Und mittendrin stehst du und versuchst irgendwie,
bei dir zu bleiben.
Chaos ist nicht immer sichtbar
Manchmal ist es gar nicht das Außen.
Nicht das volle Haus.
Nicht der volle Kalender.
Manchmal ist das Chaos ganz leise.
Es spielt sich im Inneren ab.
In deinem Kopf.
In deinem Herzen.
Gedanken, die nicht zur Ruhe kommen.
Gefühle, die keinen klaren Platz finden.
Dieses Gefühl von Getriebensein,
obwohl man eigentlich gerade still sitzt.
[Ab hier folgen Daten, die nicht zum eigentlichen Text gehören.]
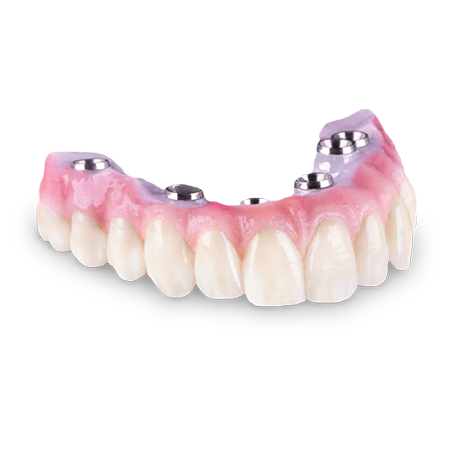 Zirconia Hybrid Implant Bridge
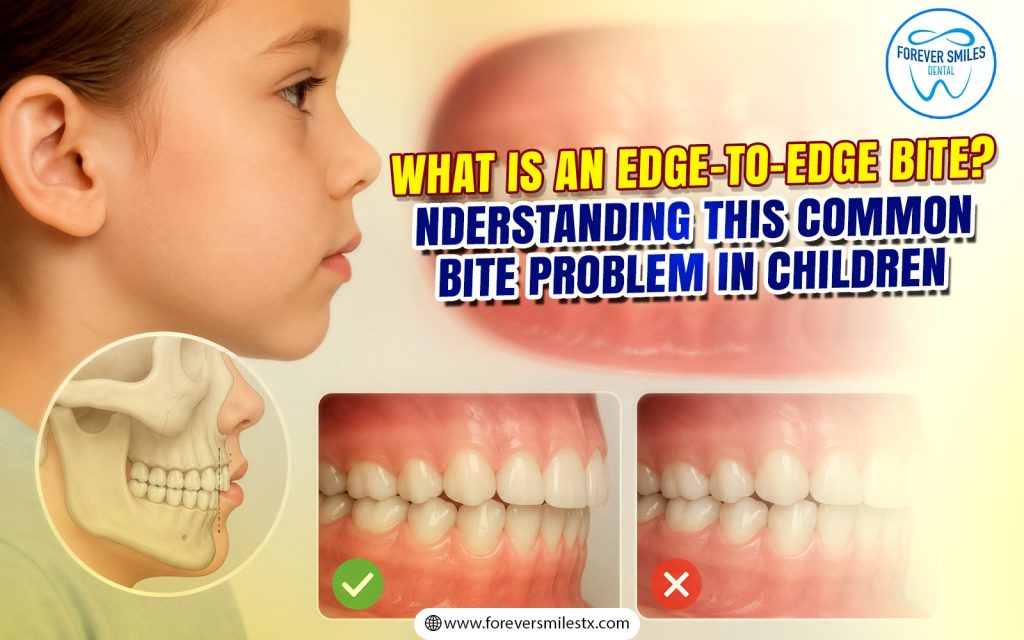 What Is an Edge-to-Edge Bite? Understanding This Common Bite Problem in Children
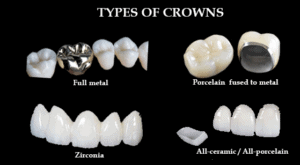 Types of dental crown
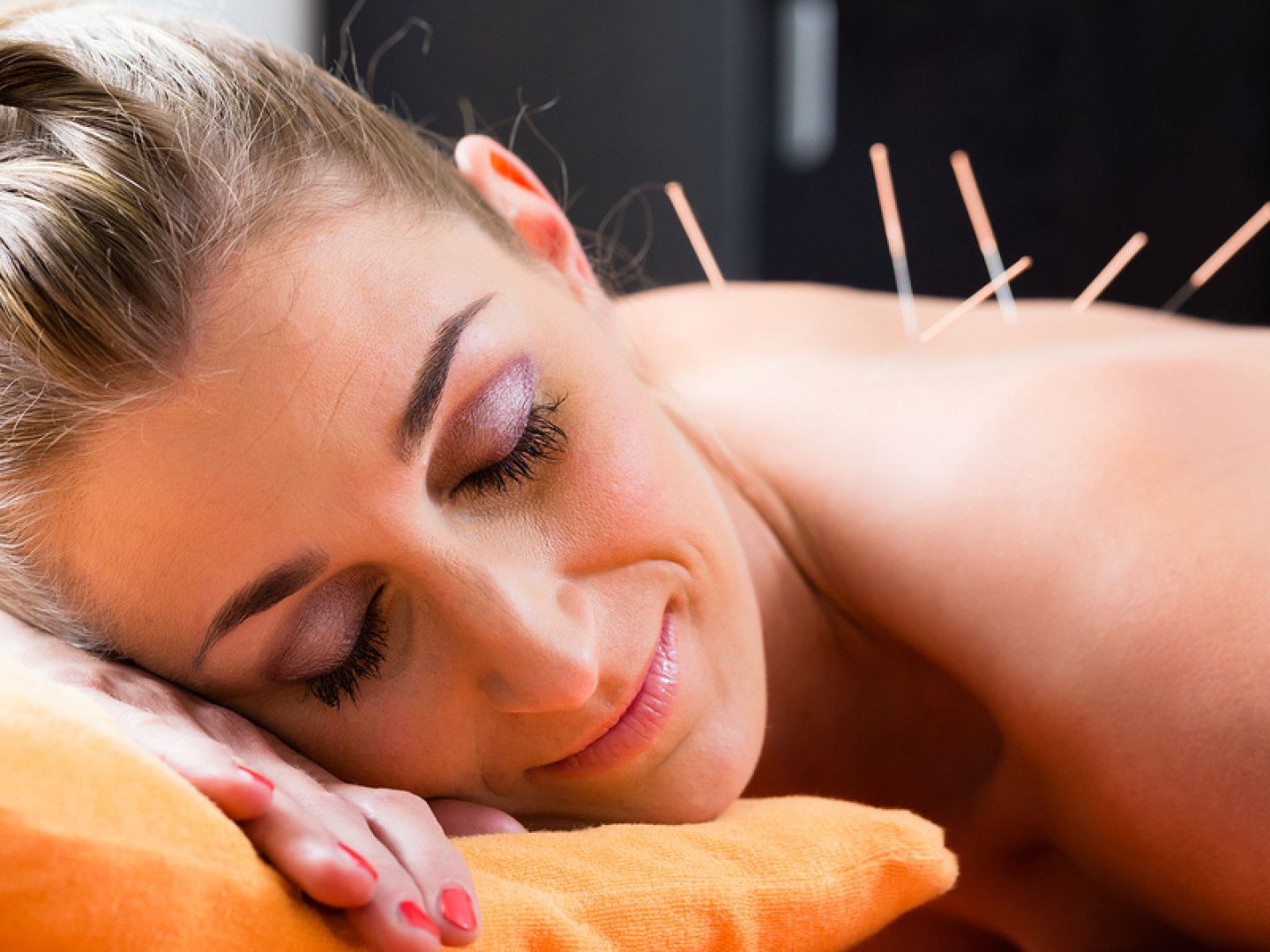 Give Acupuncture a Try in Bismarck, ND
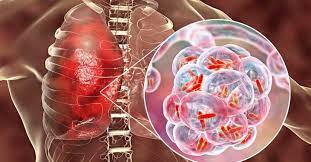 کنفرانس علمی یک روزه کنترل بیماری سل مورخه ۱۴۰۲/۰۳/۲۲ با دبیری علمی استاد گرامی جناب آقای دکتر احسان نزاکتی علیزاده متخصص بیماری های عفونی برگزار شد.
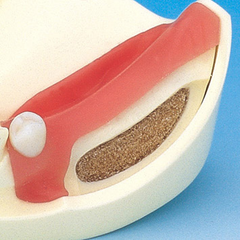 implant drilling practice model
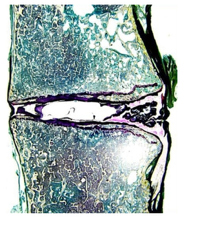 Stained histological section through a motion segment following a neuroplasty procedure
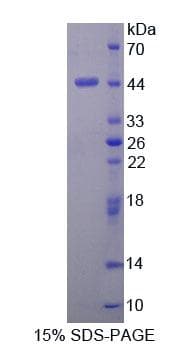 Human DHPS Protein (Recombinant His-T7)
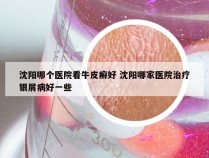 沈阳哪个医院看牛皮癣好 沈阳哪家医院治疗银屑病好一些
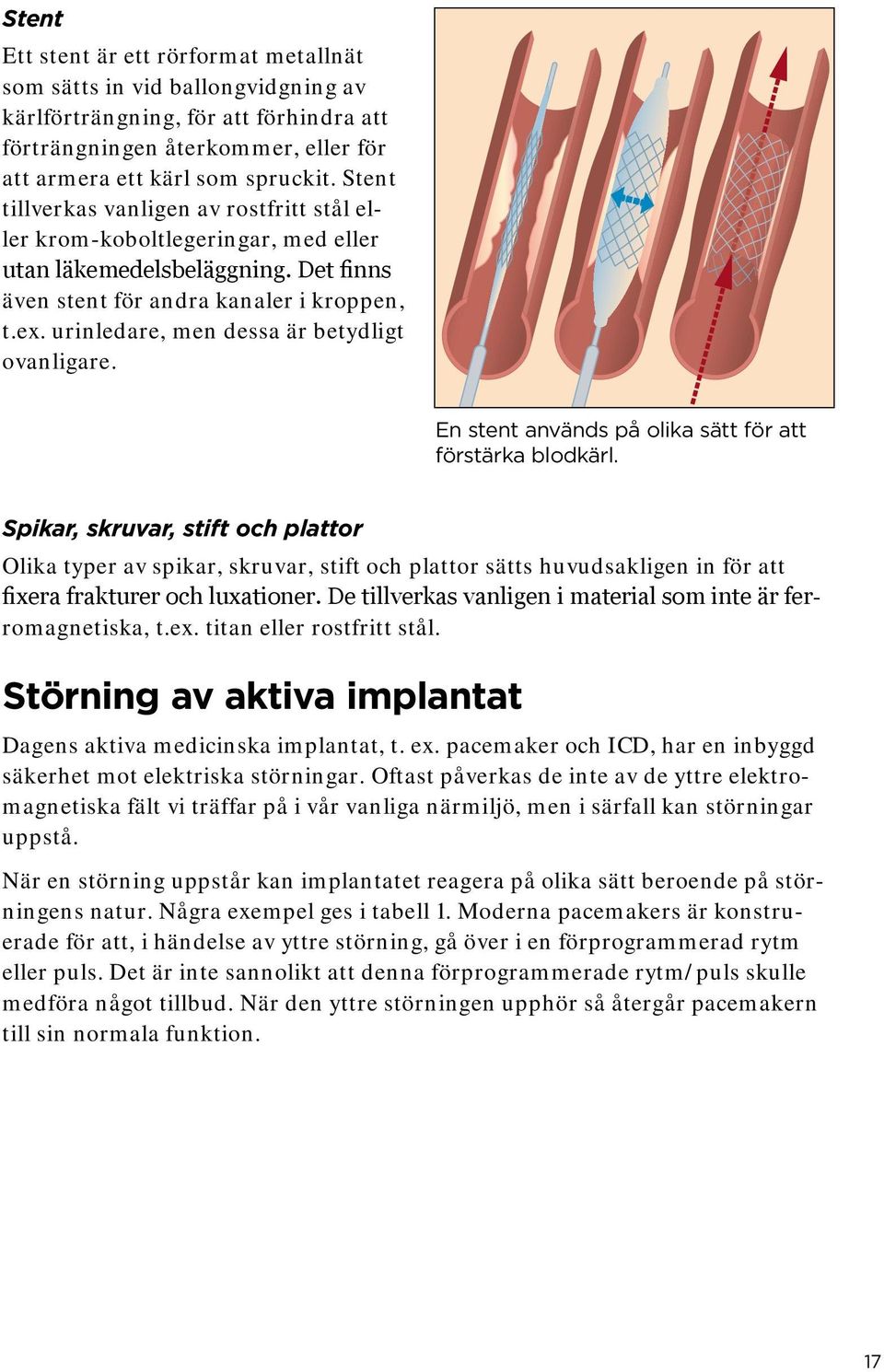 urinledare, men dessa är betydligt ovanligare. En stent används på olika sätt för att förstärka blodkärl.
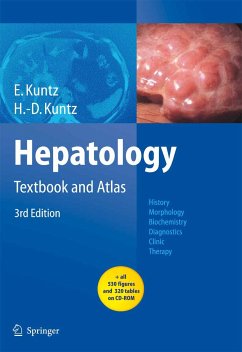Hepatology (eBook, PDF) - Kuntz, Erwin; Kuntz, Hans-Dieter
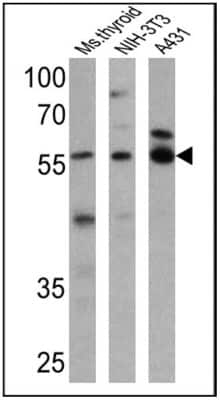 Western Blot: TR alpha/NR1A1/Thyroid Hormone Receptor alpha Antibody [NBP2-22523]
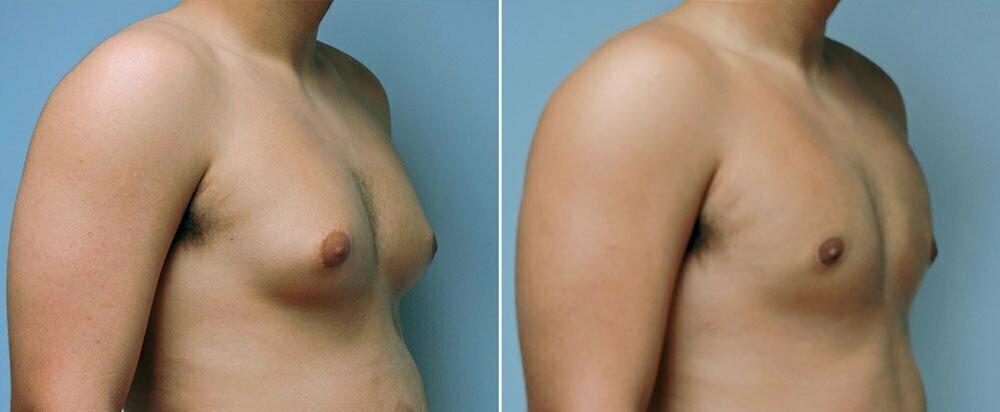 How to Shape Chest after Gynecomastia Surgery?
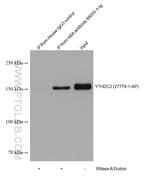 m6A Antibody in Immunoprecipitation (IP)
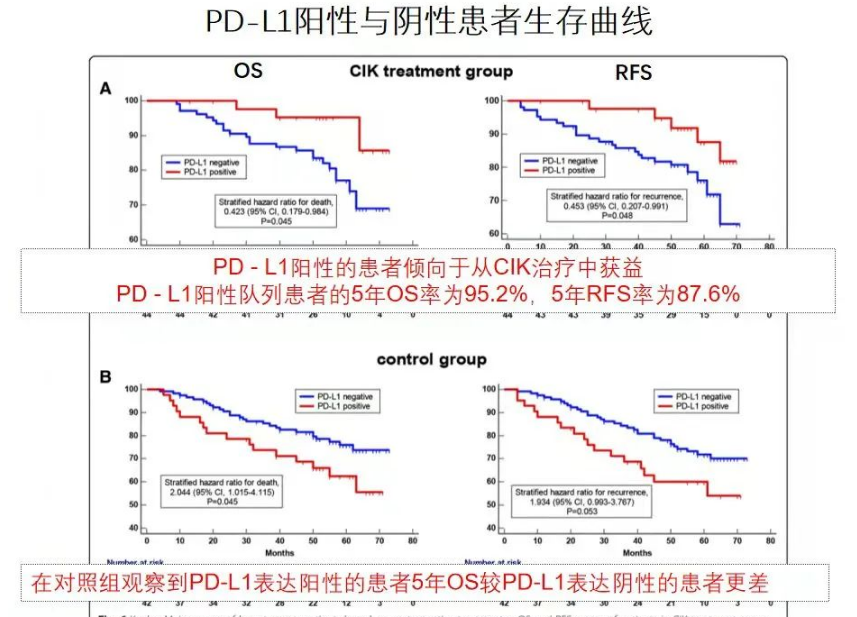 研究结果显示：CIK细胞辅助治疗术后乳腺癌患者，5年生存率高达95.2%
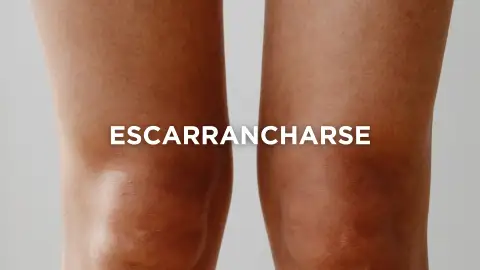 Expresiones extremeñas - Escarrancharse Expresiones extremeñas - Escarrancharse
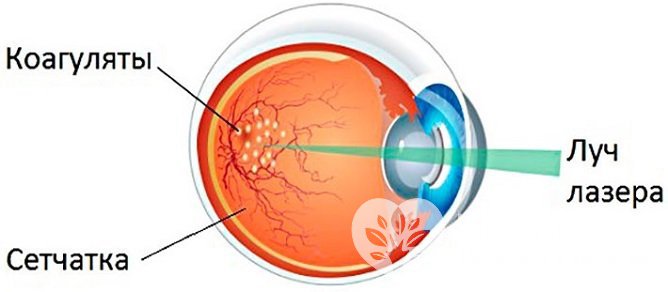 Лазерная коагуляция сетчатки глаза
Und genau das macht es so anstrengend.
Ich habe lange gedacht, ich müsste das einfach aushalten
Funktionieren.
Weitermachen.
Ich dachte, das gehört dazu.
Zum Erwachsensein.
Zum Muttersein.
Zum Alltag eben.
Und lange habe ich mich dafür sogar bewundert,
wie viel ich doch geschafft habe.
Bis ich gemerkt habe:
Das hat einen Preis.
Mit der Zeit kommt die Erschöpfung.
Bei sich bleiben heißt nicht, dass alles ruhig wird
Bei mir bleiben bedeutet nicht, dass das Chaos plötzlich verschwindet.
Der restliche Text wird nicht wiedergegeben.